## WHAT THE TASK ASKS
Copy out exactly the lines spanning the line with "Bouplay WP - A WordPress Theme for Bloggers" to the line with "Pull Polo Ralph", inclusive, from the data underneath, with no pictures.

## DATA PROVIDED

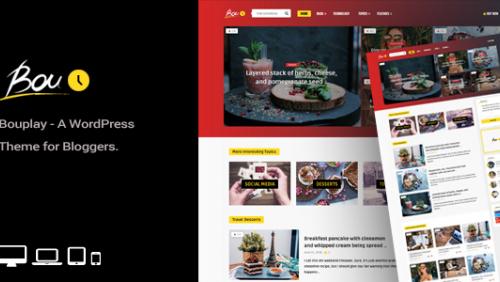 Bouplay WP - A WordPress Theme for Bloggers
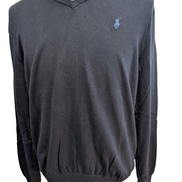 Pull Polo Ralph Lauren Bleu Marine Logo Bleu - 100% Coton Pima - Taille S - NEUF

--

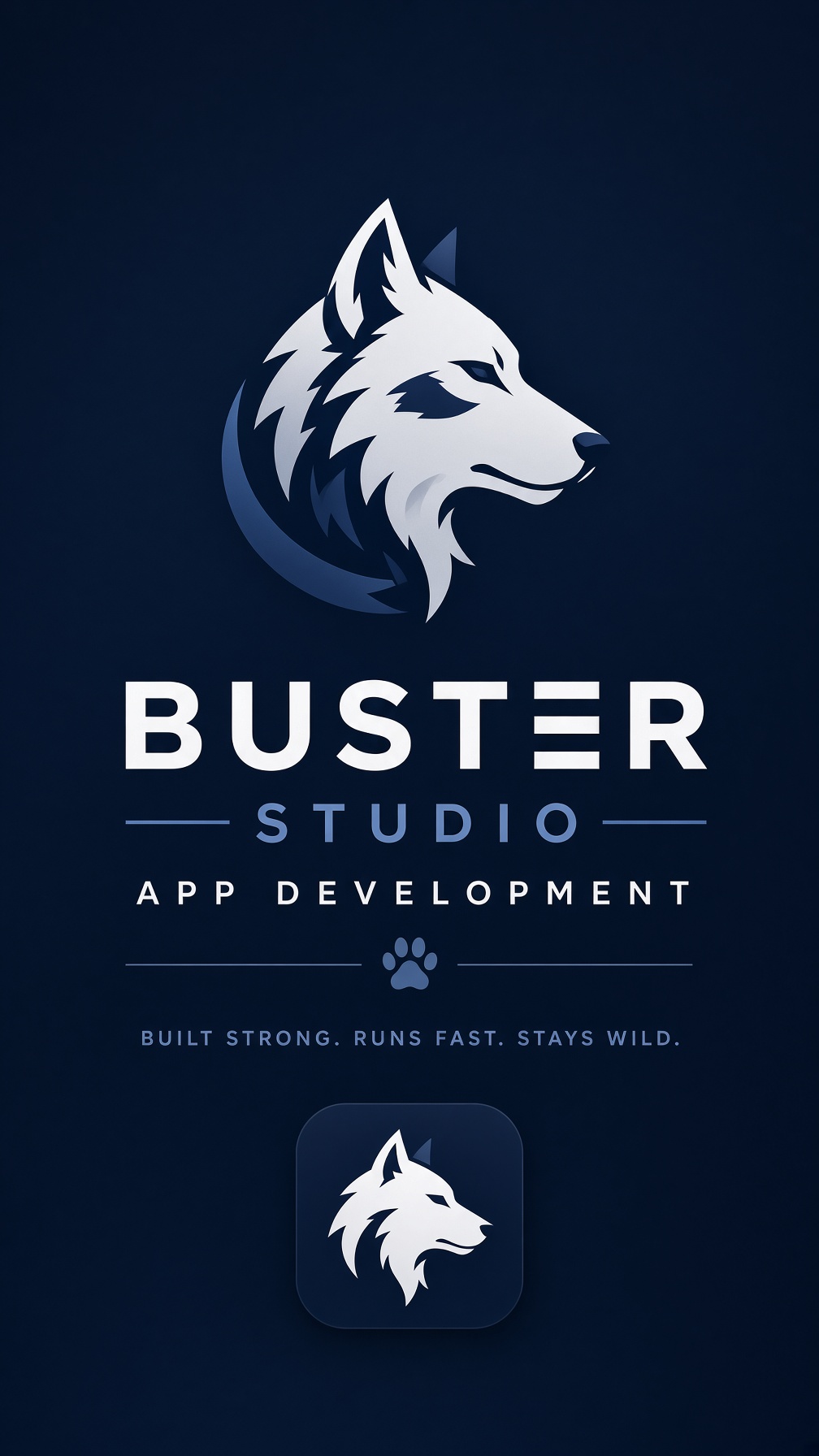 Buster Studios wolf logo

## EXPECTED ANSWER
 Bouplay WP - A WordPress Theme for Bloggers
 Pull Polo Ralph Lauren Bleu Marine Logo Bleu - 100% Coton Pima - Taille S - NEUF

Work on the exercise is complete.